Extrasolarplanet: | yes |
Semimajor: | 0.73 ± 0.02 |
Alt Names: | WD 1226+110 b, SDSS J122859.92+104033.0 b |
Discovery Method: | Timing |
Discovered: | 2019 |
Apsis: | astron |
SDSS J1228+1040 b | |
Period: | 123.4 ± 0.3 min |
Mean Radius: | >72 km |
Single Temperature: | 1800 K |
Star: | SDSS J1228+1040 |
SDSS J1228+1040 b is a disputed extrasolar planetesimal orbiting the white dwarf SDSS J1228+1040. It was discovered in 2019 using the variable calcium Ca II emission line.
Unlike other planetesimals around white dwarfs, the planetesimal SDSS J1228+1040 b needs high internal strength and a high density to not be tidally disrupted. The researchers calculate a density of 7.7 g/cm3 or less. This density is close to the density of iron and it is speculated that this planetesimal is the core of a larger body. This larger parent body possibly got its crust and mantle stripped by the white dwarf, leaving the core behind. This crust and mantle material would then form the debris disk, which is now detected around the white dwarf.
At first the size of the planetesimal was estimated to be between 4 and 600 km or between 2 and 200 km for an eccentric orbit, but newer accretion models suggest a minimal radius of 72 km and a lifetime of 1500 years before it is completely sublimated.
The white dwarf SDSS J1228+1040 is surrounded by a debris disk, detected as both spectroscopic metal lines and infrared excess. The white dwarf also shows emission lines.
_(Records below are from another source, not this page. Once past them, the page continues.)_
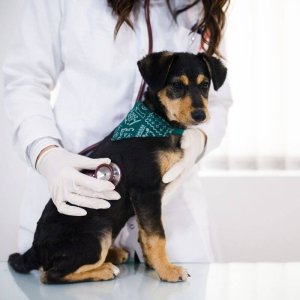 Medicaltraining Hund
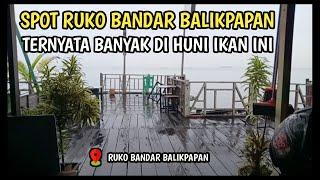 Spot Mancing  Di Balikpapan Yang Harus Kalian Coba Wal  Ruko Bandar Balikapapan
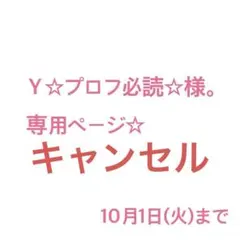 Ｙ☆プロフ必読☆様。専用ページ☆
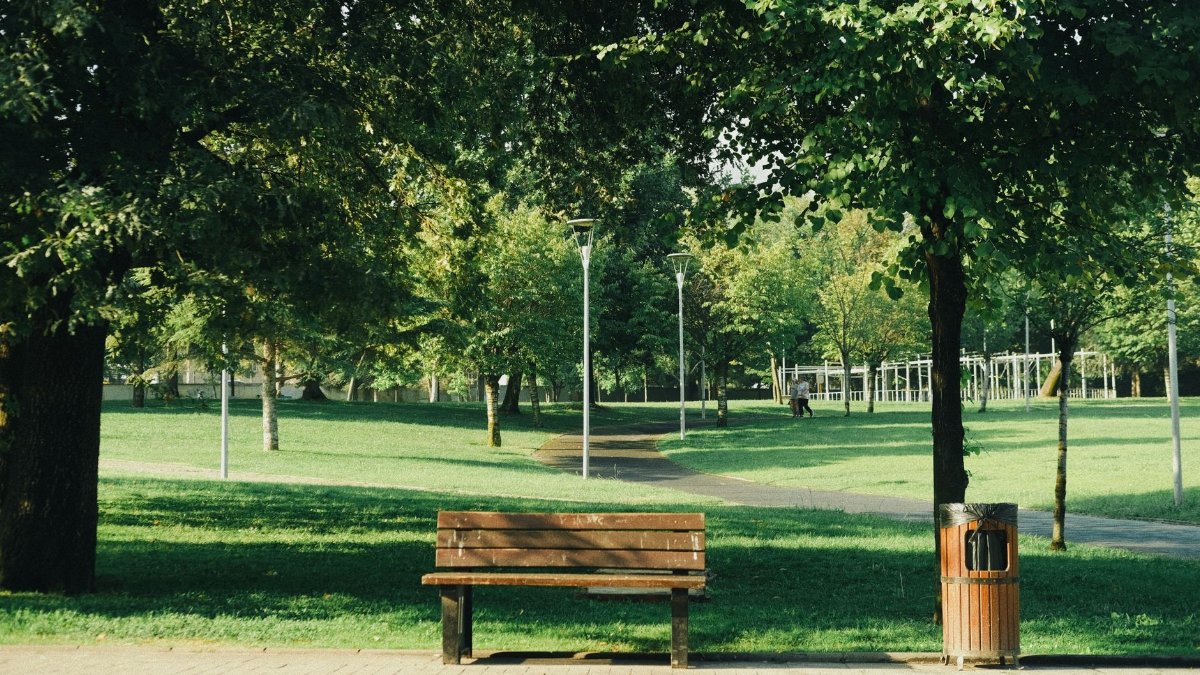 A tranquil park setting with a rustic bench, paved paths, and lush green trees.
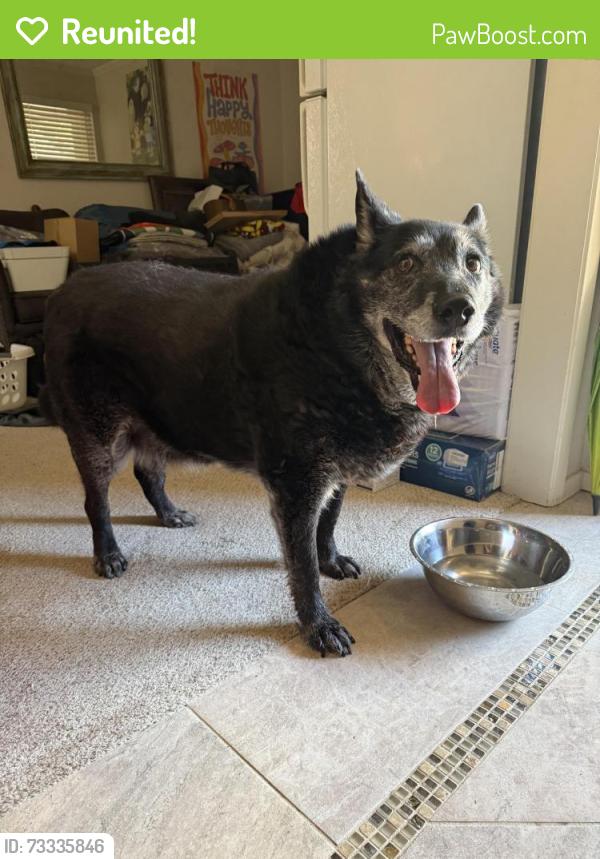 Reunited Male Dog last seen Tucson and Juniper Ln, Lewisville, TX 75077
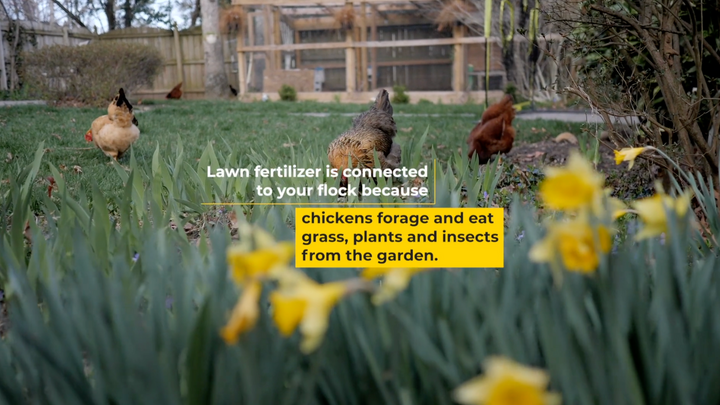 Can Chickens Safely Forage in a Treated or Fertilized Lawn?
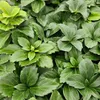 Plants by Frank | 24 Ysander Pflanzen | Pachysandra Produktbild-Vorschau 3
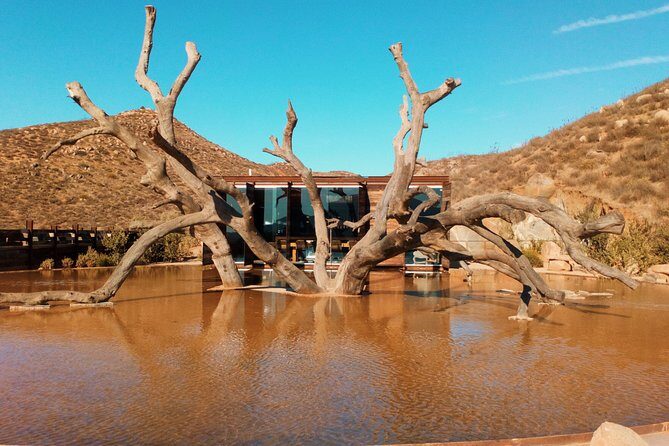Private Wine Tour at Valle de Guadalupe (A wine tasting included). - Price and logistics: what $118.89 really buys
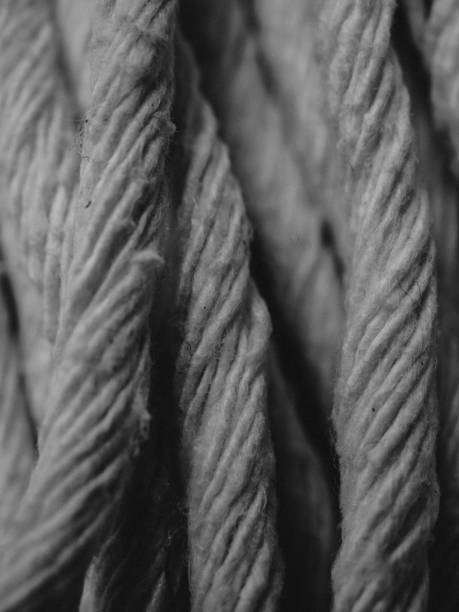 istock cotton fiber 2162353911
While absorption lines represent metals that are already pollute the atmosphere of the white dwarf, the emission lines are interpreted as sublimated metal gas inside the disk. In the case of SDSS J1228+1040 it is suggested that the gas is sublimated on the surface of the planetesimal. The gas component also shows long-term variability over the 15 years observations. This is interpreted as precession of an assumed to be eccentric orbit of the planetesimal. Other gaseous disks around white dwarfs show similar long-term variability.
A study questions the existence of the planetesimal and instead suggests that the disk is precessing under the forces of general relativity and gas pressure. This eccentricity of the disk should dissipate within 200 years, meaning that the disk must have formed recently.